2. To label yourself is a form of self annihilation akin to suicide. The moment you’re reduced to a term, you’ve stopped living, stopped being everything you are that denies that term.
3. Sexuality is a set of personal aesthetics manifested in contemporary attitudes (as in posturing) of gender.
4. Morality should be rooted in memory, learned experience, rather than law or dogmas. Remember how it felt when your lover just stopped calling you? Don’t impose that feeling on someone else. Simple.
5. No one has an innate ambition. What we strive for has as much to do with who we are as it has to do with outside forces telling us who we should be, what we should achieve, what we’re good at. The idea of ambition reveals the porousness of identity. Like sexuality, ambition or what we choose as our ambition, is aesthetic.
6. Good intentions (whatever they are) mean nothing when pitted against actions.
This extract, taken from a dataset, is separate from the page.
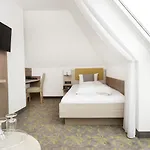 Hotel Hotel 3*
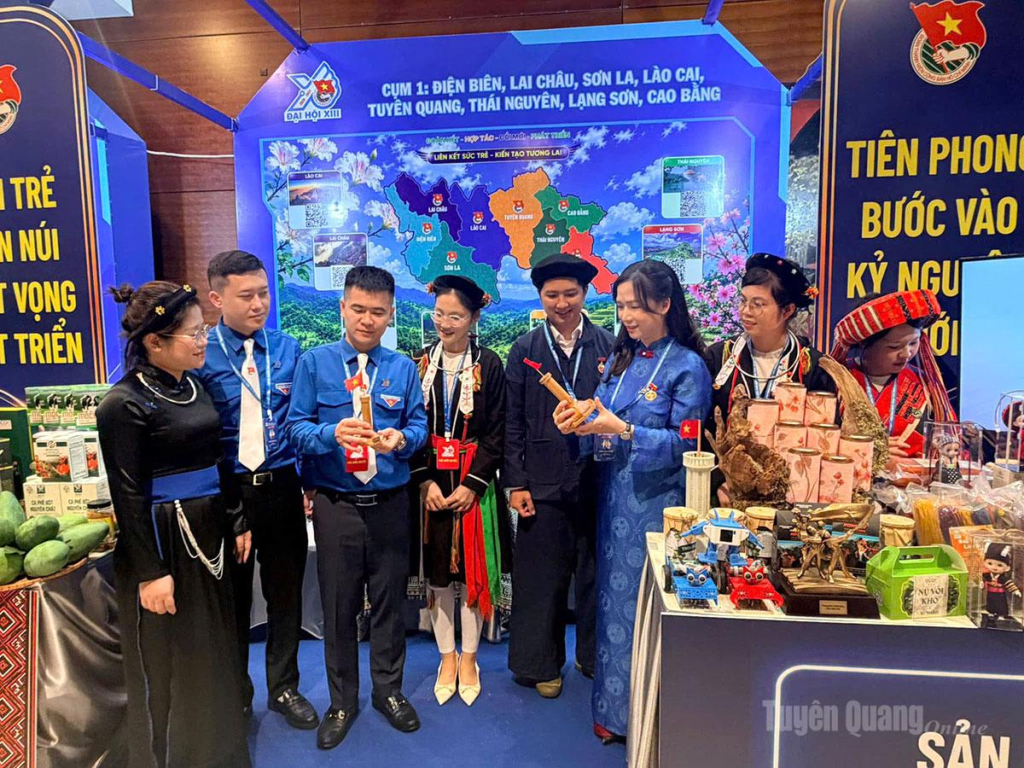 Đoàn đại biểu tại gian trưng bày sản phẩm nông sản của tỉnh.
7. Ignorance is not bliss. You are responsible for understanding your complicit nature, how your decadent life effects others, on whose backs, through what bloodshed. Read into the hurricanes assaulting Florida. True metaphors. Plagues agitating the deceit and mire swept under the rug (so to speak). Nature moaning, twitching for her well-deserved retribution.
8. Love is denial.
Feel free, readers, to engage with any or all of these points. Since they are ethics of ambiguity, they’re open for discussion, evisceration. The editor has adjusted Ambigutrex's settings to allow anyone to make comments... so please do if you'd like to.
2 Comments:
But is Brodkey a monogamist? Is this great transcendent love limited to a single soullmate? What happens to Eros when we commit to this glorious transcendent love?
Herculodge
Brodkey's love is open ended... it can refer to friendship or romance. Monogomy is an absolute and Brodkey and myself abhor the realm of absolutes. So no, I doubt this man who died of AIDS was much of a monogomist. His aphorism is brief and vague for a reason... so we can attribute to it what we will. Love and ambition. The stuff. The stuff.